Stocks that act like savers

On the theory that companies that don’t time the market might make promising investments in their own right, we looked at the prospects of some of the companies that Fortuna identified as close to “flat” in their buyback strategies. Here are three that piqued our interest.

Ameriprise Financial, a Fortune 500 financial services firm that spun off from American Express in 2005, has shown remarkable consistency on its repurchase efforts. In the five years Fortuna measured, the firm’s average quarterly buybacks came in at $407 million, and only deviated from the mean by an average of 10%. (The average standard deviation from the mean for all companies came in at 113%.) The wealth management side of Ameriprise’s business has shown strong growth, with management fees jumping 29% over the past five years, contributing to its $12.8 billion in revenue in 2018. And it’s expected to launch a retail bank later this year. Ameriprise’s stock amp is priced at 10 times its earnings, well below its five-year average of 14.

A developer of tools that control traffic within servers, software maker F5 Networks ffiv has adjusted to the cloud world by developing software options. It was slow to adjust, but it’s catching up, dedicating 90% of its development team to software, according to Morningstar.
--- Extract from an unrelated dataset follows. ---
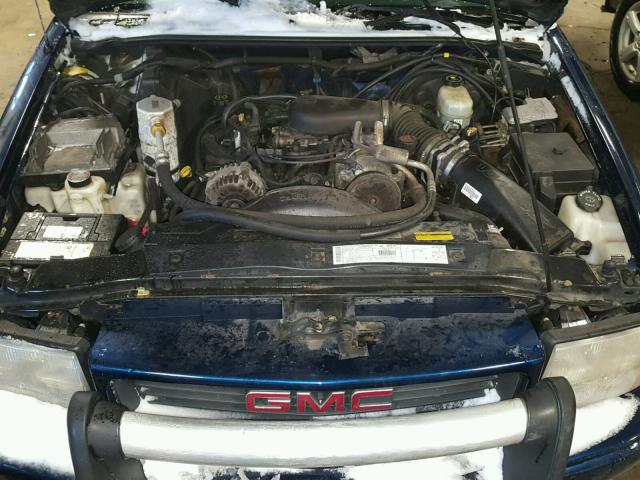 1GKDT63W812178860 - 2001 GMC JIMMY LUXU BLUE photo 7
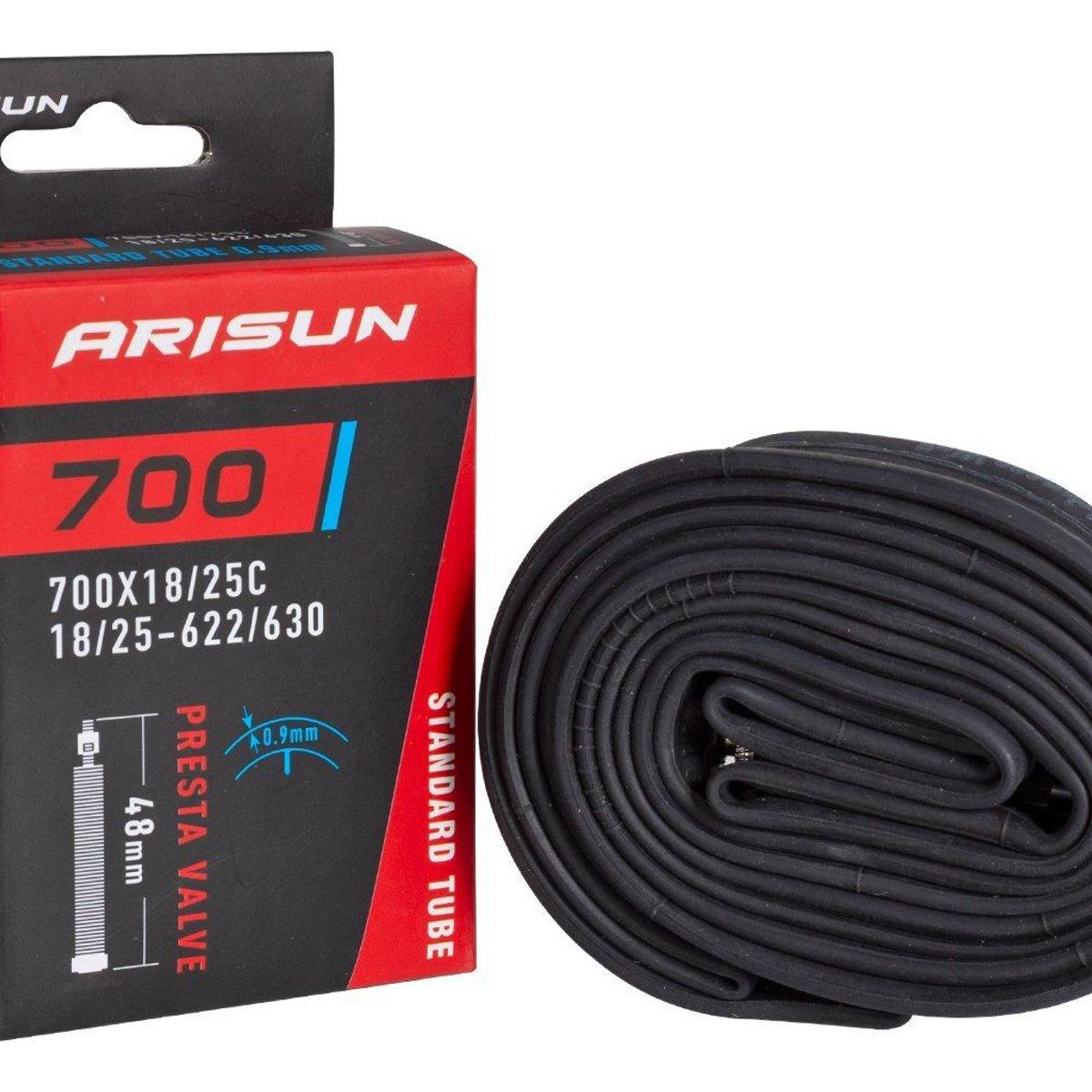ARISUN - Cámara Bicicleta Arisun 700 X 18/25c Valvula Francesa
You’re starting to see results, with F5 posting a 30% growth in software revenues in the second quarter of 2019. Software is still a small portion of the company’s $2.2 billion in overall revenue. And F5 has been very consistent with its buybacks, averaging $153 million per quarter, so cash flow hasn’t suffered.

You wouldn’t have gained much if you invested in Colgate-Palmolive cl over the last three years, as the stock price has barely budged from $71. But analysts have been buoyed recently by a 3% organic growth in sales the consumer-goods giant posted in the first quarter of 2019, compared to last year. It’s a signal that efforts to stem market share losses through innovation and advertising have started to work. China remains an issue for Colgate-Palmolive, which has now seen six consecutive quarters where volume fell there; the Asia Pacific region accounts for 27% of sales. Those struggles haven’t kept the company from buying back shares, at an average rate of about $353 million a quarter.